Vivek Shraya – Trisha, Creative Direction: Vivek Shraya, Photography: Karen Michelle Campos Castillo, Makeup: Alanna Chelmick, Hair: Fabio Persico, Clothing in 4, 5 & 8: M. Orbe, Set and wardrobe assistants: Shemeena Shraya and Adam Holman (Courtesy the artist)
While she appropriately poses the question: “Why is my humanity only seen or cared about when I share the ways in which I have been victimized and violated?” Shraya reveals in “Me” the need for a reconsideration of how we approach gender. The bravery to not exist according to the gender binary system should be celebrated and not either feared or made to fear. Ultimately, I’m Afraid of Men is about breaking down how fear of the feminine, as well as the non-binary limits everyone. As she concludes, “Consider how often you have dismissed your own appearance, behaviors, emotions and aspirations for being too feminine or masculine. What might your life be if you didn’t impose these designations on yourself, let alone me?”
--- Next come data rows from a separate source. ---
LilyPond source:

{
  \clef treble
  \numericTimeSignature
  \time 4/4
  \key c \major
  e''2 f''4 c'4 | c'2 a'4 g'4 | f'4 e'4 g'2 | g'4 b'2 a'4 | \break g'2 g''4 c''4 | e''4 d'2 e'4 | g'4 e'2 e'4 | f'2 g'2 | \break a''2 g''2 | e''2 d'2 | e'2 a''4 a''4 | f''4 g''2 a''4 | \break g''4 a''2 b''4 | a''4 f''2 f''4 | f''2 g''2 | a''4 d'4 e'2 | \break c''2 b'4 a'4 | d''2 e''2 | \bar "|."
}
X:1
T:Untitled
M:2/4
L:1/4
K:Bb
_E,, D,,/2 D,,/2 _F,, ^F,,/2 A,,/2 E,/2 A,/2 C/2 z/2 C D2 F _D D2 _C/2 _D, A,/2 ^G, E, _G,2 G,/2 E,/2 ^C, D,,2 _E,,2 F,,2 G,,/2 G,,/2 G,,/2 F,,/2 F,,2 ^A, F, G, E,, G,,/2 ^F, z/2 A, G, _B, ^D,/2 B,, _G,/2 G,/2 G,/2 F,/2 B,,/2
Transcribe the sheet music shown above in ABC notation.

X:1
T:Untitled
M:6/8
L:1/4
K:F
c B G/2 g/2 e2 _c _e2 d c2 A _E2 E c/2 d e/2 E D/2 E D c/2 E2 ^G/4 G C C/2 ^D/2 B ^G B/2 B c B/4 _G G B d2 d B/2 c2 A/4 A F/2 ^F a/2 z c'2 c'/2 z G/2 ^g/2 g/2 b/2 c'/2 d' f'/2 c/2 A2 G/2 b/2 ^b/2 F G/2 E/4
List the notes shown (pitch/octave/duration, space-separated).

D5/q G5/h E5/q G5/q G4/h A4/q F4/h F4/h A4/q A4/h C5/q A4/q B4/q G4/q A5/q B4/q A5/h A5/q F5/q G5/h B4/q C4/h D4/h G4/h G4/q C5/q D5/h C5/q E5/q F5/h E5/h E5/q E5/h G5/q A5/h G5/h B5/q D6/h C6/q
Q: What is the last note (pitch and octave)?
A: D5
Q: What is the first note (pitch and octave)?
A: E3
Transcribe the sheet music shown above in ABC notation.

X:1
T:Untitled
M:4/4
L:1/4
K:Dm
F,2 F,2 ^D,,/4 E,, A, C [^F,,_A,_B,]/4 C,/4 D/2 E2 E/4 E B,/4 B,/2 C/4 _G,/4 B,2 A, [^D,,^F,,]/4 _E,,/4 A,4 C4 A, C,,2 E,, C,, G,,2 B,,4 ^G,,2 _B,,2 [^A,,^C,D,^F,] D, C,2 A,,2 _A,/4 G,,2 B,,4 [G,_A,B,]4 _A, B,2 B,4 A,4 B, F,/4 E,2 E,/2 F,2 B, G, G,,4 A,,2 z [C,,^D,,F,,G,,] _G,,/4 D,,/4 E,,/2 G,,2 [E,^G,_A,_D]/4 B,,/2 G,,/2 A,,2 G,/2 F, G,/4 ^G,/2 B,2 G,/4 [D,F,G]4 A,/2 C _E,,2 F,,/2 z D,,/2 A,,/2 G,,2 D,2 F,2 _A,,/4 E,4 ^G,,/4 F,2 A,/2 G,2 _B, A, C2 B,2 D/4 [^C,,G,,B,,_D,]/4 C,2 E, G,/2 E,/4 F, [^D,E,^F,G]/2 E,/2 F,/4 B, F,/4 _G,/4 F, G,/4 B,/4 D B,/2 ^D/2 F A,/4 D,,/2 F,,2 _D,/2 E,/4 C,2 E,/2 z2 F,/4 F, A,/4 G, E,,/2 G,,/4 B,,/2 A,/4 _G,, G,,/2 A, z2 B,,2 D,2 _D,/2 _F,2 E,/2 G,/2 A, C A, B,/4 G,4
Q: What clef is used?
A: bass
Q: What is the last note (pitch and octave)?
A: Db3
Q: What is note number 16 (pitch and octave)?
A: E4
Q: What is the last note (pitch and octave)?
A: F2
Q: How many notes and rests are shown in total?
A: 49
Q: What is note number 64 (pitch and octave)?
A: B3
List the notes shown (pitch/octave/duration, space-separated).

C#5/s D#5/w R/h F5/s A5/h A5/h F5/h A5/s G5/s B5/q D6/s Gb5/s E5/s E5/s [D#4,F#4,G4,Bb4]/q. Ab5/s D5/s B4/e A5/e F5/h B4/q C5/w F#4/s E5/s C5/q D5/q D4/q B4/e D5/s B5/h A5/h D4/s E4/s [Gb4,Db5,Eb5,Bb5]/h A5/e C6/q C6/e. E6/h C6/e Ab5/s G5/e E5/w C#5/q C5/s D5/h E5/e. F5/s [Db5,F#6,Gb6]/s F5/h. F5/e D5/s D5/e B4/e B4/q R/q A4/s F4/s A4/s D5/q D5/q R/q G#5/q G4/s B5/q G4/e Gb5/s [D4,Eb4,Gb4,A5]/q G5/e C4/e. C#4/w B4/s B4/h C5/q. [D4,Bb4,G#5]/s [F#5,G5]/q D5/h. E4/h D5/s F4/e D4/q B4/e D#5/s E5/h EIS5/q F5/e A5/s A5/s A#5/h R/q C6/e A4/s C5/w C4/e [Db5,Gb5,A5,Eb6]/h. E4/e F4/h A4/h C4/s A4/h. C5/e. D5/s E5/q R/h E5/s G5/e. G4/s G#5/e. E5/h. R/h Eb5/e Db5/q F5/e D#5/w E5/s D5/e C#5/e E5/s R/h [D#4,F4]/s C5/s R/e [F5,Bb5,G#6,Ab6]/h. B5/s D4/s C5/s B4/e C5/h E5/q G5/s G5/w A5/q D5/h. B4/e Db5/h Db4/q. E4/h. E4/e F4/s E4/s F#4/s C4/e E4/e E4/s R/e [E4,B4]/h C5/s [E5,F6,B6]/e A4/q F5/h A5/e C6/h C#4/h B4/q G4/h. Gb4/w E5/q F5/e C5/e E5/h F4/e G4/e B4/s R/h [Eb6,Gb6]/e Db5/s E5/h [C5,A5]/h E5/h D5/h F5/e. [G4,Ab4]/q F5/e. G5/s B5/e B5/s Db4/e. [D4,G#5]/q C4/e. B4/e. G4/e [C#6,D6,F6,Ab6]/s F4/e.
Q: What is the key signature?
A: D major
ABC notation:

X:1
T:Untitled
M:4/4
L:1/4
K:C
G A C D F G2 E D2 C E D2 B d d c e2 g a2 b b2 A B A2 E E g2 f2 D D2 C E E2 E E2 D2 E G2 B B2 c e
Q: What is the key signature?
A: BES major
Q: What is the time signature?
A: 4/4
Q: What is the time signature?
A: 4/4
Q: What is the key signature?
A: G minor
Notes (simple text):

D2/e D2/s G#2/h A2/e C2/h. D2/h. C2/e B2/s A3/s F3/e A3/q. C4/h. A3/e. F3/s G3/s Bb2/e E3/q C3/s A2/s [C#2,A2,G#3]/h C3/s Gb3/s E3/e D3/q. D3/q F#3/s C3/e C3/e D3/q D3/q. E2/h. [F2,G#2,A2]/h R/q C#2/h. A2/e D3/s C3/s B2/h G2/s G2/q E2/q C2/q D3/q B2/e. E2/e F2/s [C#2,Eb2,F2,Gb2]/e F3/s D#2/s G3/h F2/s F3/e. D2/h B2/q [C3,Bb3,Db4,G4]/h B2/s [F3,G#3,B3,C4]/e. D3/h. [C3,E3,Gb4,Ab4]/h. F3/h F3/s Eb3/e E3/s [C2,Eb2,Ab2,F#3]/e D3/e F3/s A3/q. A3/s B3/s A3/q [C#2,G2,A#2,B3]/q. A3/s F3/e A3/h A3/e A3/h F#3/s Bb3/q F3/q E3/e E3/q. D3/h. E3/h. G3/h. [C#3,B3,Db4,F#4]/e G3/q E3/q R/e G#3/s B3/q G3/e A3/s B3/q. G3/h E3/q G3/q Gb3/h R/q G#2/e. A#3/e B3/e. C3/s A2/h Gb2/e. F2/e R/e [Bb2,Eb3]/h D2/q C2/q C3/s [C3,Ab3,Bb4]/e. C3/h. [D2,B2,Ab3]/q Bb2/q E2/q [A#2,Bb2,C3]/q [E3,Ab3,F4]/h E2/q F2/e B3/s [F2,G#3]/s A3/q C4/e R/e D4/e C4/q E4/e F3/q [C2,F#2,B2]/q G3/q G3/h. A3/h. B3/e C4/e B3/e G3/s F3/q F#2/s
Throughout the book, like her previous question, Shraya uses “you” as a rhetorical device to implicate the audience as the presumed dominant white cisgender straight readership. While the reader may not, in fact, conform to these identities, the truth is that we all participate in the system that renders masculinity as seen as the “real,” while femininity, transness and the non-binary are looked down upon and repressed. And taking Shraya’s exhibition and book in conjunction with Mock and Vaid-Menon’s observations, when all these black and brown trans and gender non-conforming people are asking the same question of us, it’s time to listen.